RECORDED INFORMATION =>
^^^^^^^^
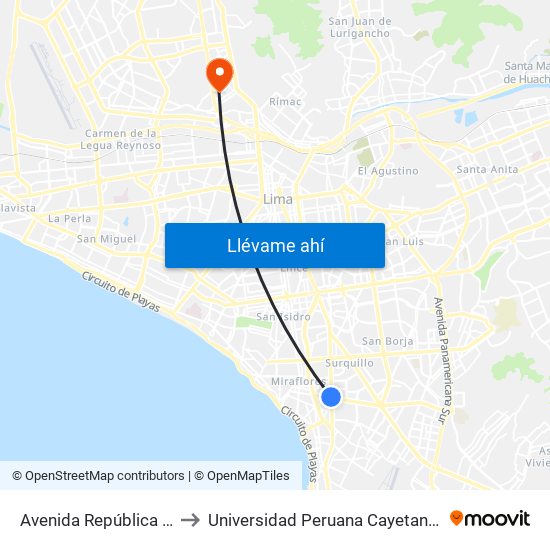 Avenida República De Panamá, 6190 to Universidad Peruana Cayetano Heredia - Campo Central map
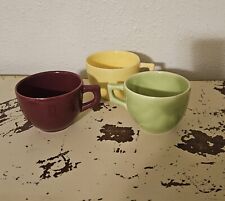 Lot Of 3 Vintage Handpainted Unbranded Ceramic Teacups 1950s 8oz picture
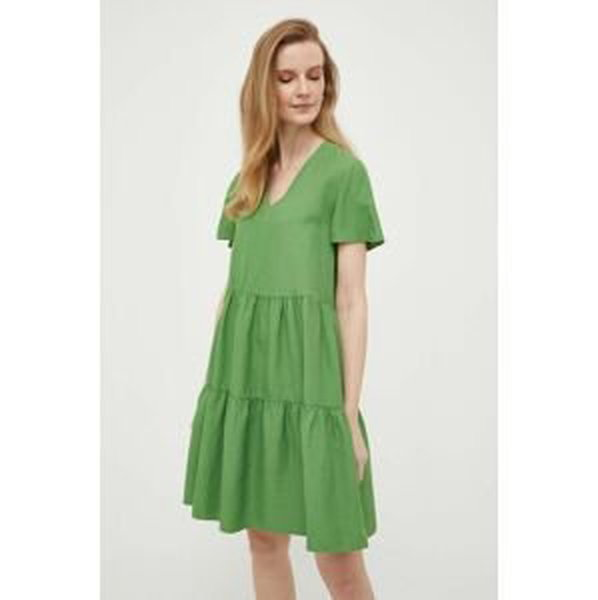 Šaty s prímesou ľanu Pennyblack zelená farba, mini, áčkový strih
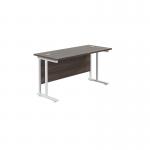 Jemini Rectangular Cantilever Desk 1400x600x730mm Dark Walnut/White KF806431 KF806431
^^^^^^^^
Make an exact copy of the data, leaving its pictures out.

 Avenida República De Panamá, 6190 to Universidad Peruana Cayetano Heredia - Campo Central map
 Lot Of 3 Vintage Handpainted Unbranded Ceramic Teacups 1950s 8oz picture
 Šaty s prímesou ľanu Pennyblack zelená farba, mini, áčkový strih
 Jemini Rectangular Cantilever Desk 1400x600x730mm Dark Walnut/White KF806431 KF806431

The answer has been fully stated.